A Beginners Guide To NFTs
With emerging technology developing at such a rapid pace, it is to no surprise a lot of information may slip through the cracks. In the case of NFTs, more people don’t know or don’t care, but those that are aware believe it’s the next hottest investment. For those interested in understanding the confusing concept of non-fungible tokens, here are the need-to-know facts about NFTs.
What are NFTs?
NFTs are digital assets known as non-fungible tokens. The “non-fungible” aspect of the tokens means it cannot be exchanged for an asset of the same kind. This means you can’t use an NFT to purchase another NFT, instead, you can exchange it for some form of money. That form of money includes the currency we usually use like the Canadian dollar, but also cryptocurrency like bitcoin. An example of a “fungible” token would be conventional money, or the money we usually use here in Canada; the dollar. It is a “fungible” token because we can exchange that asset for the same type. An example of this would be exchanging one loonie for four quarters; both are of equal value and both are the same asset, that asset being money.
How do NFTs work?
Before I can explain how NFTs work there are some key terms to define.

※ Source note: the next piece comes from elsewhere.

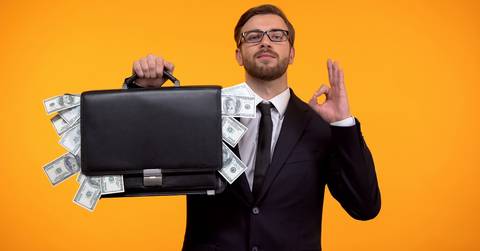 man wearing glasses and holding a money bag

Blockchain: A blockchain is a specific type of database.
Database: A database is a collection of information that is stored electronically
Ledger: A ledger is collection of financial accounts of a particular type.
With those definitions in mind, NFTs work through a blockchain.
A blockchain is a record-keeping technology typically used as a ledger for transactions. In the case of NFTs, it is how one can prove ownership without a physical contract because the information stored cannot be reversed or changed. Blockchains store information in “blocks” chained to one another in chronological order. When new data enters the database, it fills up a “block” that is then “chained” to another “block” as the “chain” continues to grow.
What can you do with NFTs?
Now that you hopefully understand what they are and how they work, NFTs can be used differently depending on the specific digital asset.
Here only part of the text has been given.